Task prompt:
Within the entries below, find the portion that opens with the line containing "brązowy płaszcz // 2302" and closes with the line containing "I Feel Like". Retype that portion exactly and only.

Records to use:

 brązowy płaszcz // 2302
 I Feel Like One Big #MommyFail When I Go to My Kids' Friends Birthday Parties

--

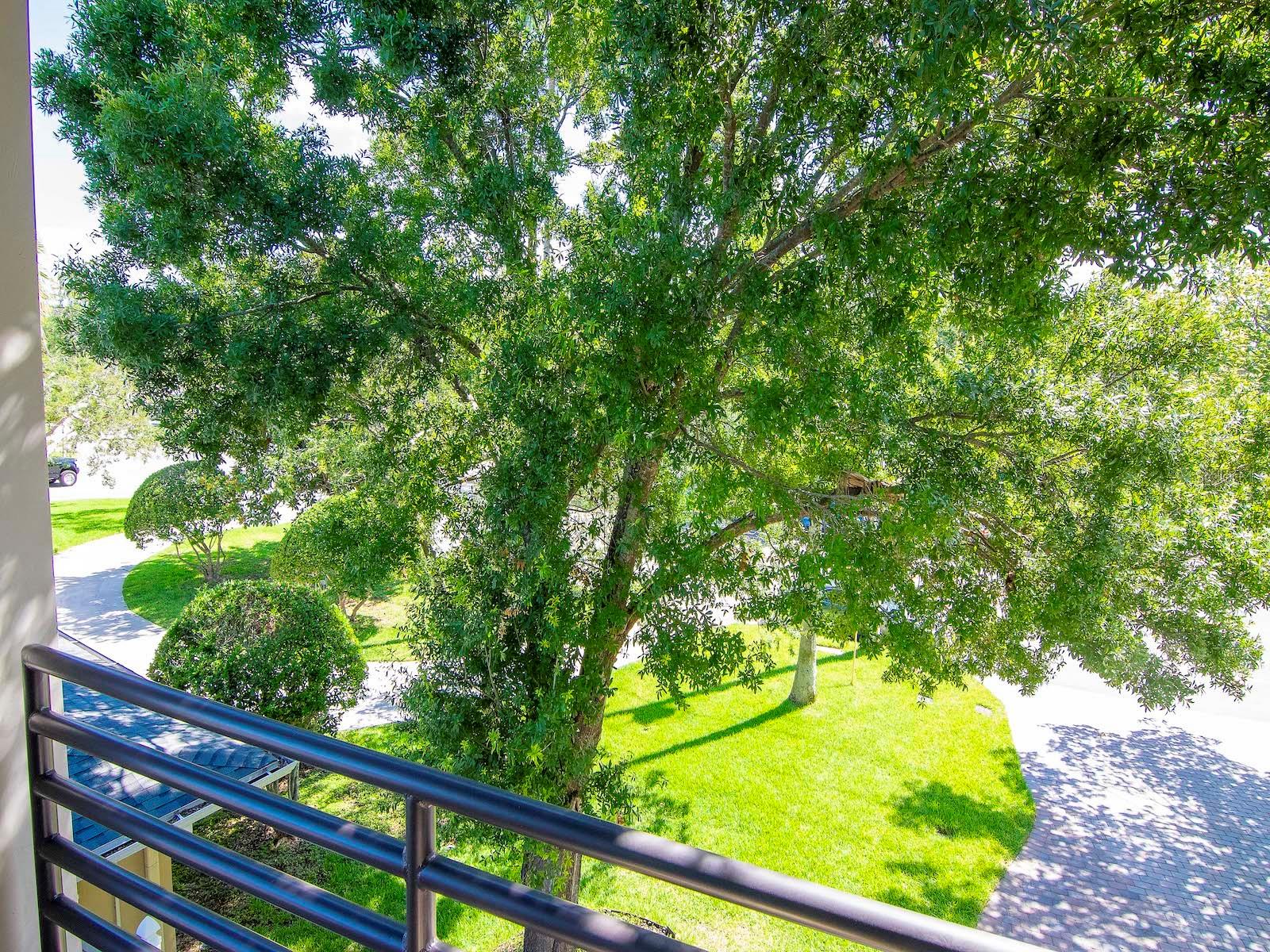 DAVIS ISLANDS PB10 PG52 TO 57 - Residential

--

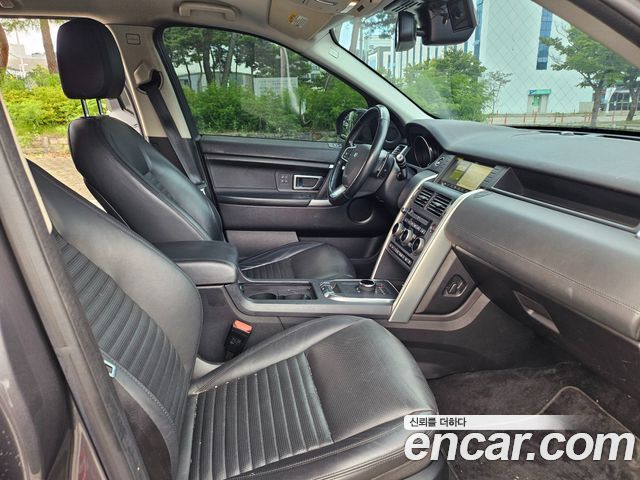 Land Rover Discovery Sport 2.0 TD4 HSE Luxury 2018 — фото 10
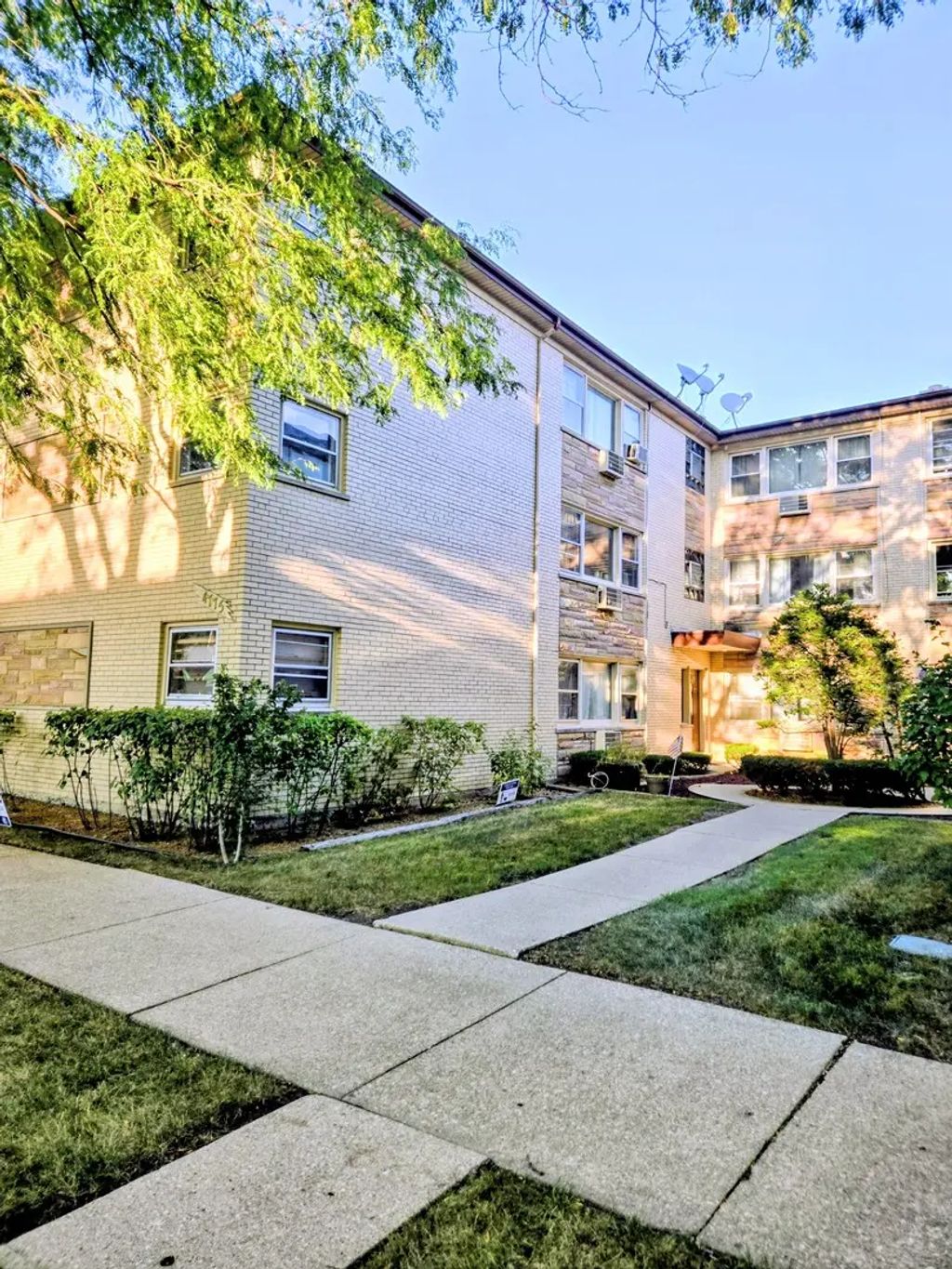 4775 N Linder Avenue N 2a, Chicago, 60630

Written response:
 brązowy płaszcz // 2302
 I Feel Like One Big #MommyFail When I Go to My Kids' Friends Birthday Parties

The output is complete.